Staying on the topic of school, I won't get my grades until about halfway through June. At the earliest. In theory, I should be a little irked about this, but in practice, I do not want to think about my grades. I have been thinking about the curve and where I fit in with it for a very long time. Now, it's all out of my hands and while I am curious bout how I did, at this point it's a detached curiousity. I'm sure as the date of their release draws closer, my detachment will leave me, but now I get to enjoy just being done.

Thursday, May 12, 2011

One Test left...

In less than an hour I start my last test of my 1L year. I'm nervous about this one, because it's a contracts exam, which you may remember was a bit of an ordeal last semester. But other than a little cold, I think I'm in good shape to take this exam.
Mostly I can't stop thinking about that moment when I hand in my exam and I'm done with this year. I've been waiting and working for that moment for a long time. So, it'll probably be a bit of a disappointment when the law school doesn't shoot off fireworks and send out a marching band. But, I've worked so hard this year. So hard. And it will soon be over. Wow.
Sorry. This isn't a deep or particularly thoughtful post, I guess. But seriously. Wow.

Thursday, May 5, 2011

Just checking in...

I'm sitting here in the lounge at Mitchell studying for my second final exam (out of four). In a week I'll be done and have a summer to regroup and do some more practical learning, which is where my mind has been continually wandering the last couple of days.
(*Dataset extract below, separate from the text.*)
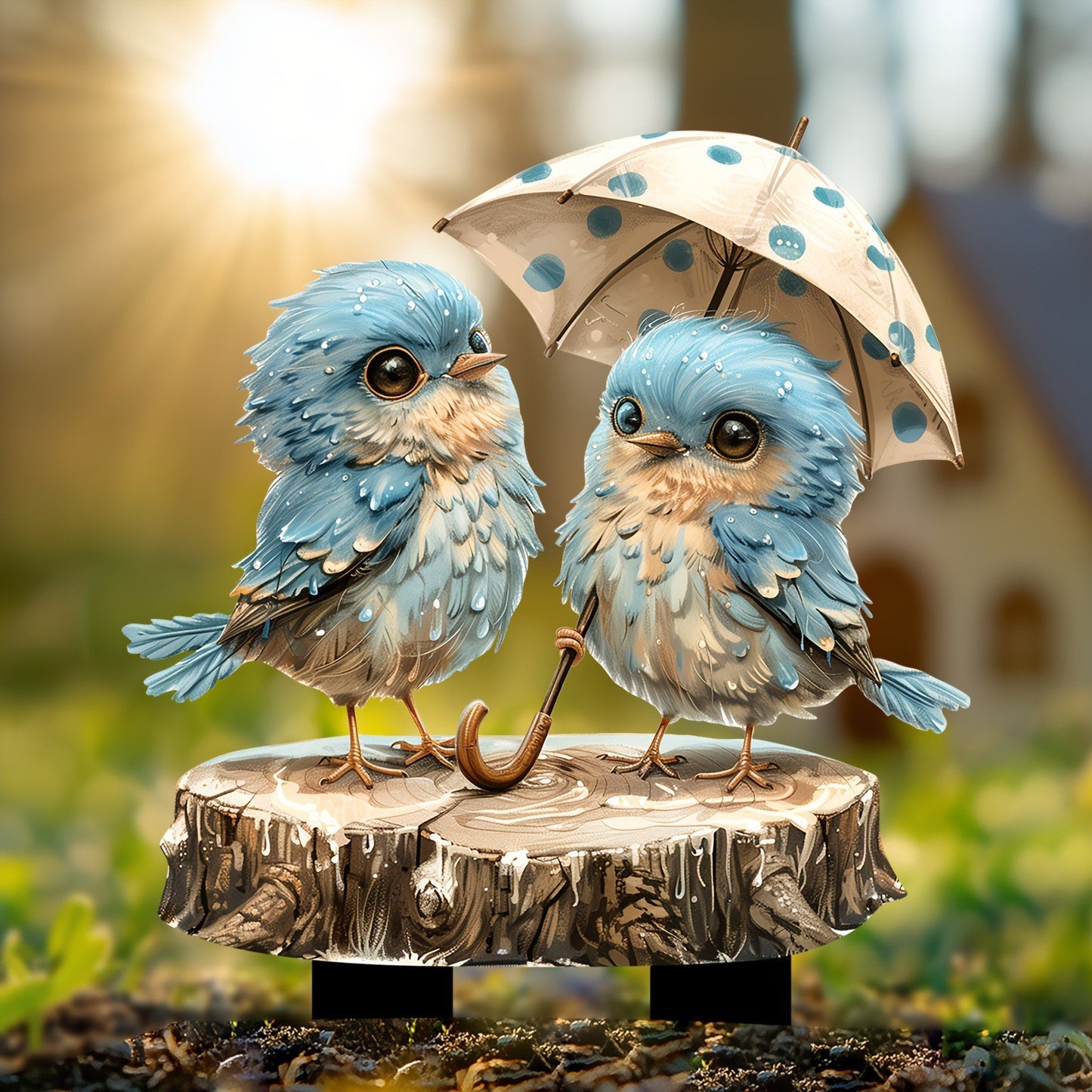 Couple Birds with Umbrella Outdoor Decor - Garden Fence & Patio Stakes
I'm very excited to be done with this year and start my summer clerkship.
But nothing can match the excitement taking place in the room next to mine. In there are a bunch of students who will be graduating from law school in the next couple of weeks. They're picking up and trying on their caps and gowns. I've seen many of the faces before, but this is the first time I think I've seen any of them this gleeful. Not just smiles in this room, but belly laughs and hand shakes. These are some happy people.
And that's just two years away for me. Two years and this set of final exams. And I gotta say, the caps we get look awesome!